---------- Recorded data

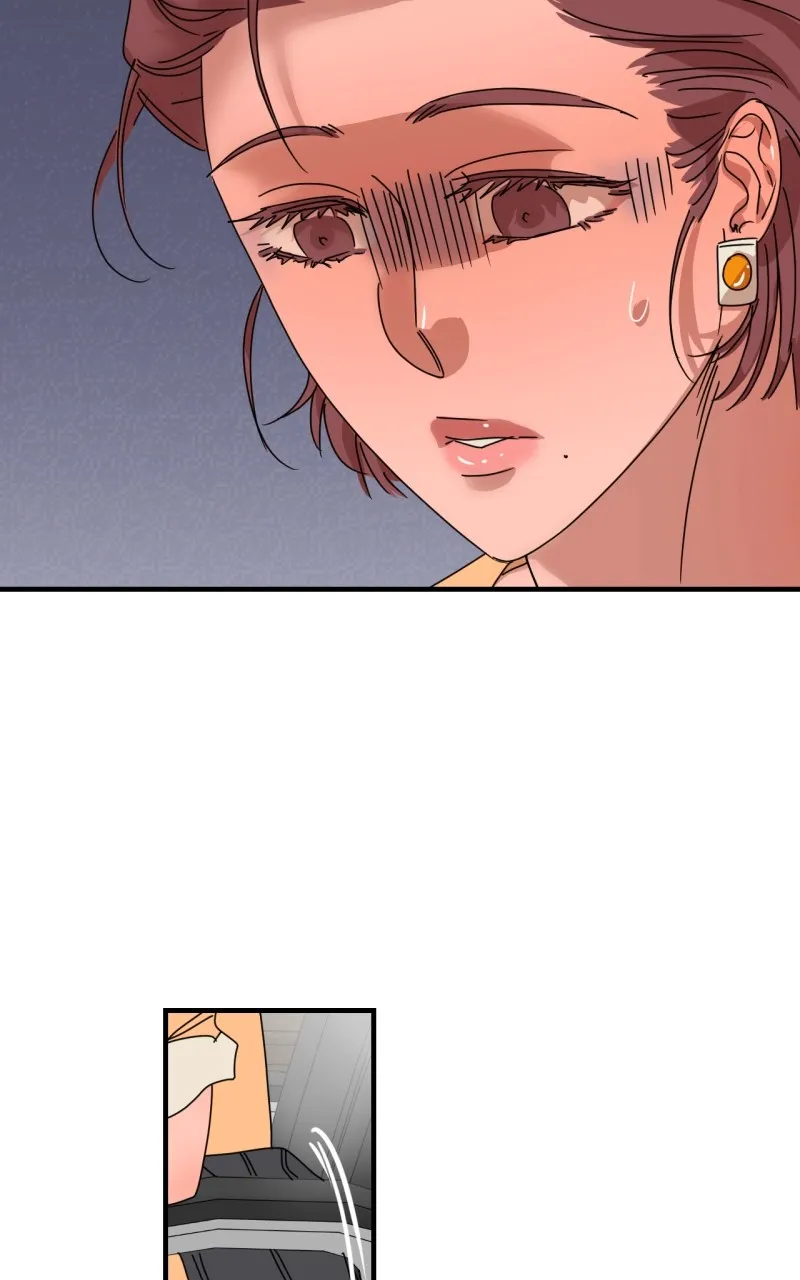 Unnie, I Like You! Chapter 38 page 77 - 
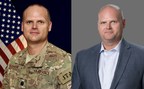 Excite Medical Names First Vice President of Veteran and Military Affairs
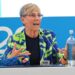 Sostenibilità, Castelletti: “A2a a Brescia significa investimenti economici, ambientali e nel sociale”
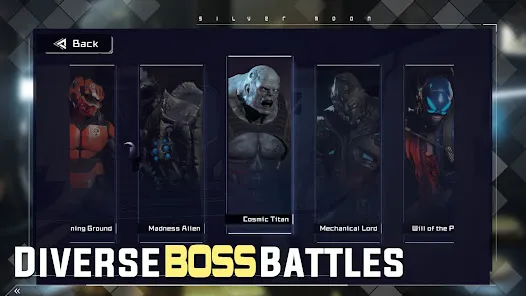 2023/09/Miya-image-4.webp game image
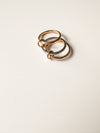 Vienna Ring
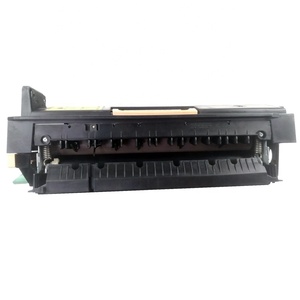 Chất Lượng Cao <span class=keywords><strong>Fuser</strong></span> Đơn Vị Đối Với <span class=keywords><strong>Xerox</strong></span> WorkCentre5845/<span class=keywords><strong>5855</strong></span>/5735/5740/5745/5755 109R00752 - Product Image 3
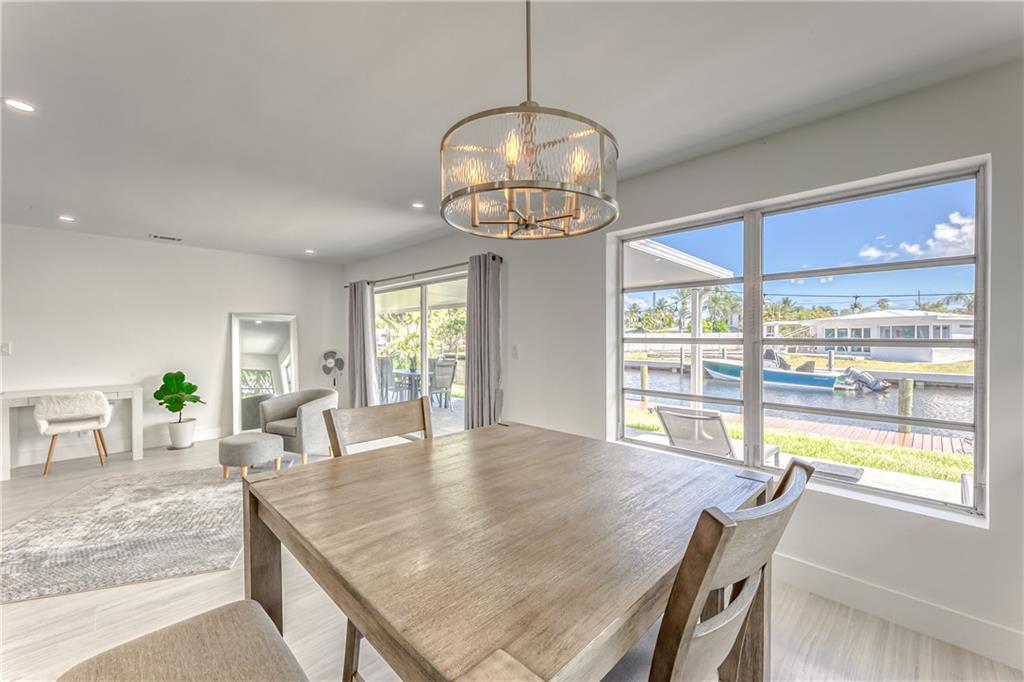 Cypress Harbor 1st Sec 45 - Residential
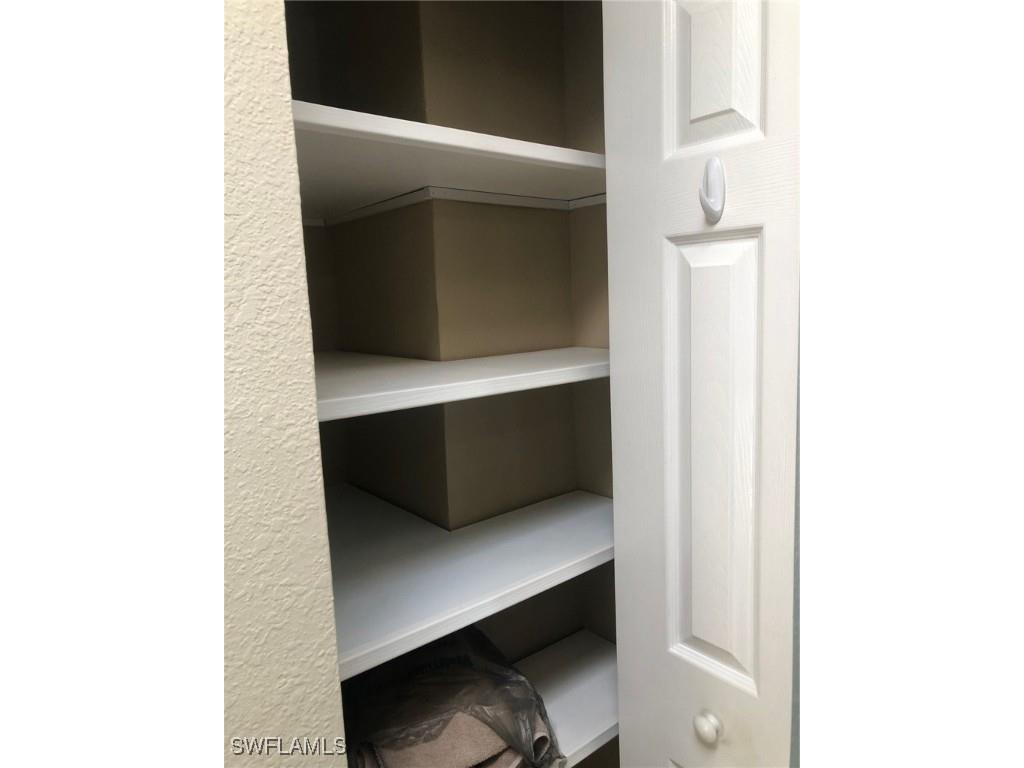 643 Schooner Street North Port FL 34287 225033156 image30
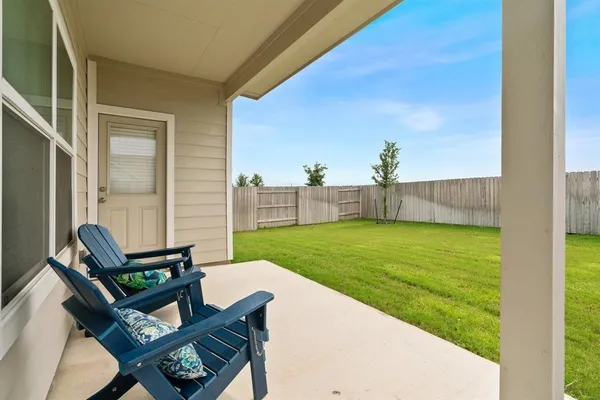 $2,500 | 258 Majestic Cedar Drive, Liberty Hill, TX 78642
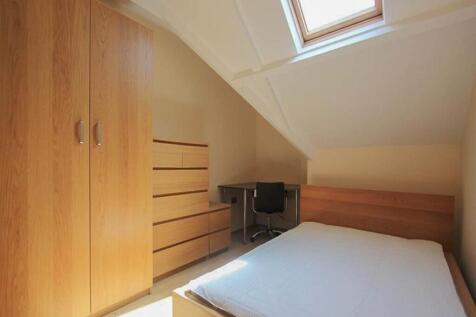 Attic 1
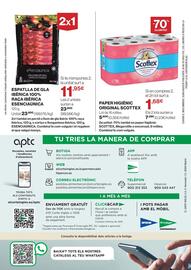 Catálogo El Corte Inglés Página 45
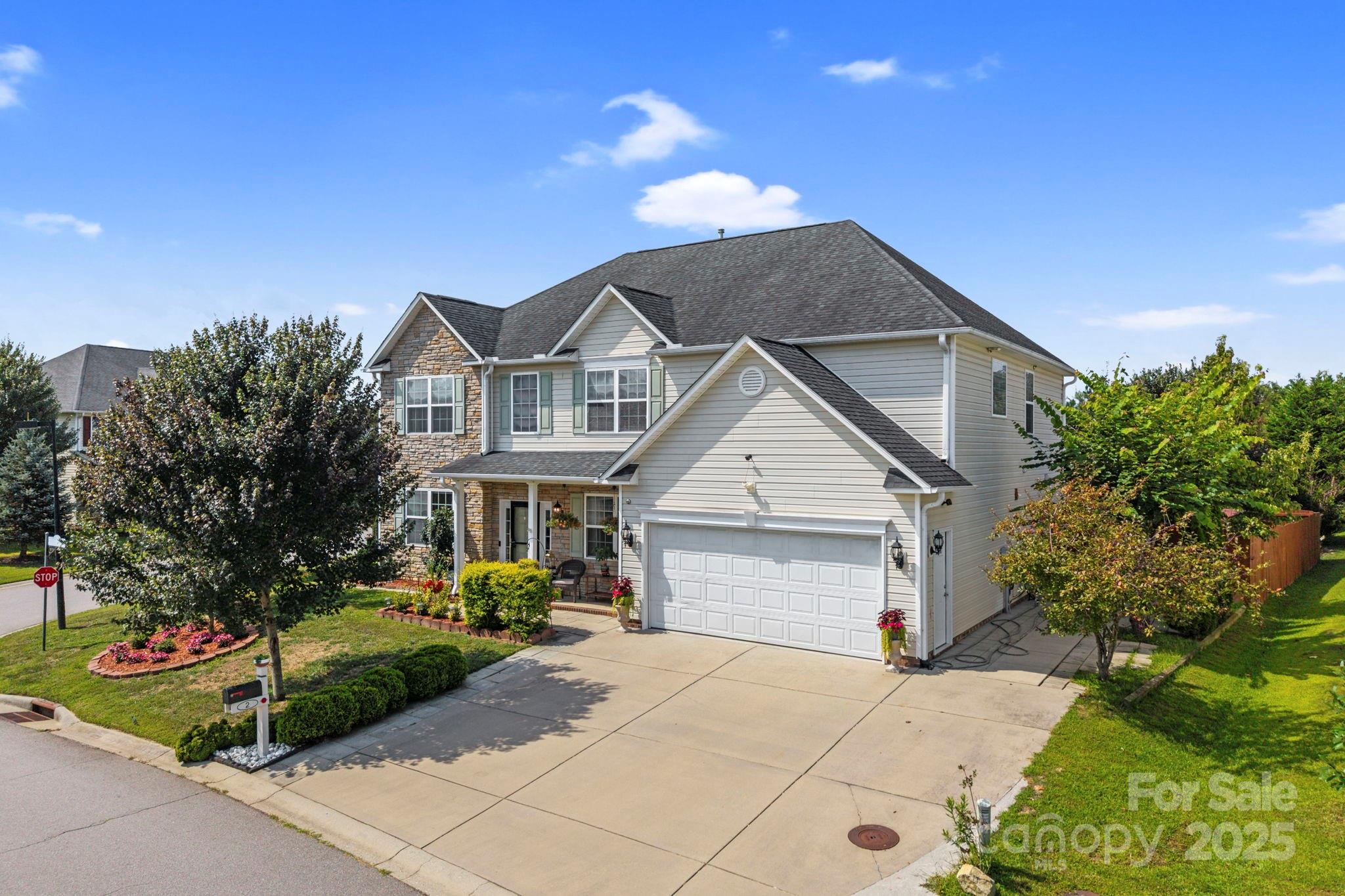 Riverwalk - Residential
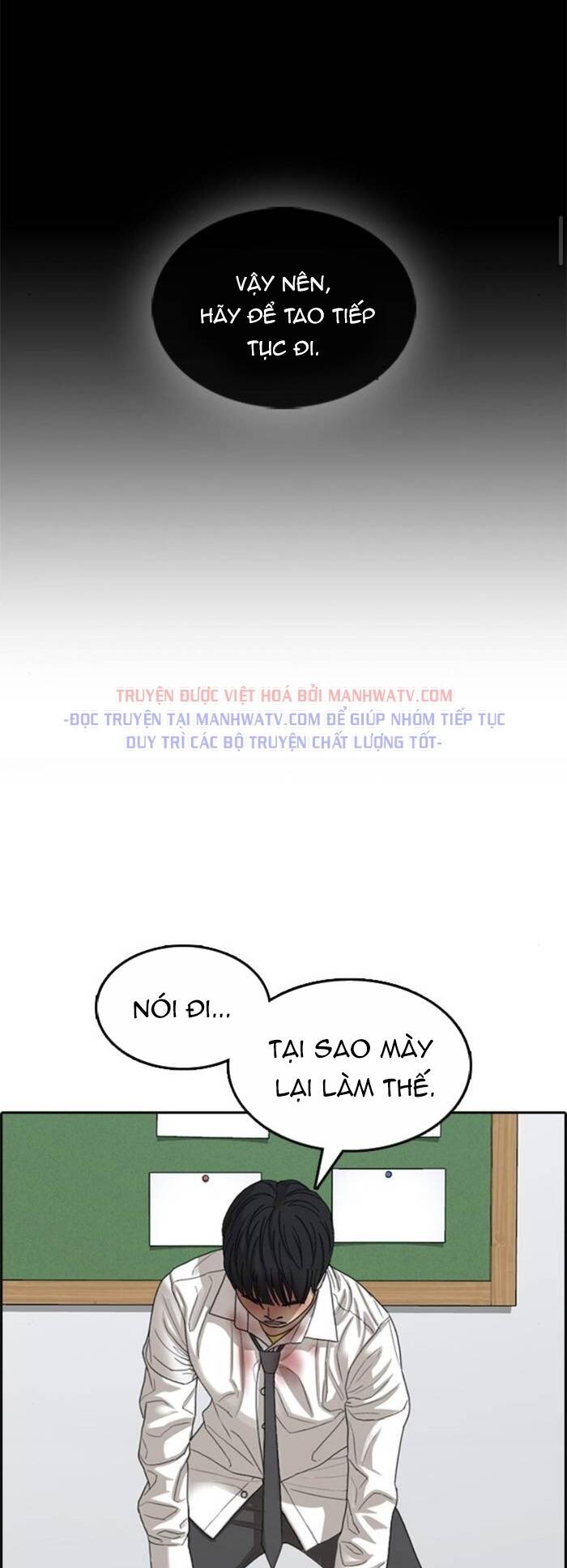 Chương 47 - Trang 78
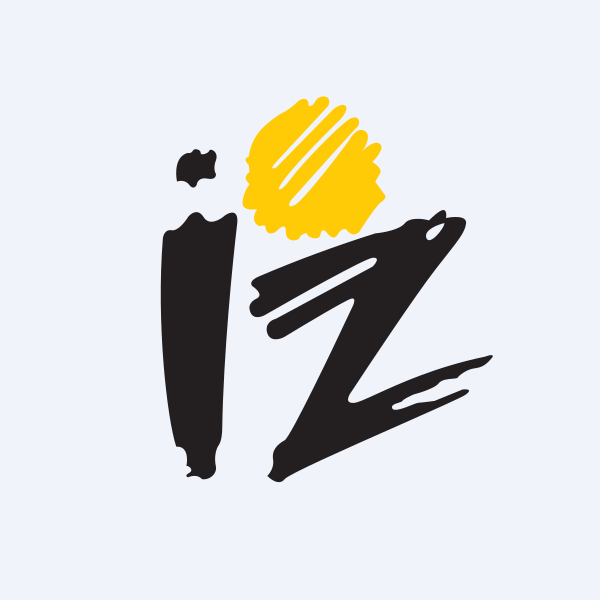 IZINV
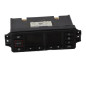 Commande chauffage AUDI A3 1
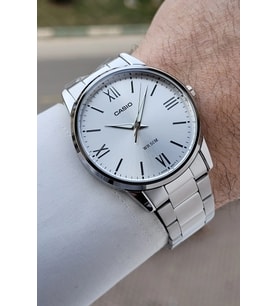 Casio CSGNCT246 Erkek Kol Saati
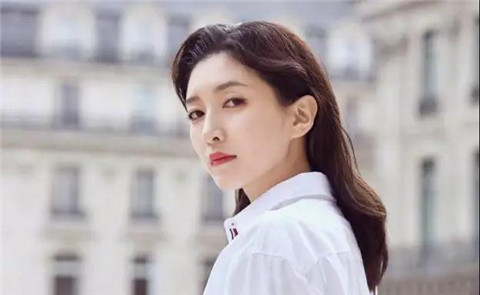 想在北京找女朋友，去哪里找女朋友靠谱-恋爱至上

--------------------

The copy must start at the line containing "Catálogo El Corte Inglés Página 45" and end at the last line of the records, matching each line exactly and holding no pictures.

• [Response area]
 Catálogo El Corte Inglés Página 45
 Riverwalk - Residential
 Chương 47 - Trang 78
 IZINV
 Commande chauffage AUDI A3 1
 Casio CSGNCT246 Erkek Kol Saati
 想在北京找女朋友，去哪里找女朋友靠谱-恋爱至上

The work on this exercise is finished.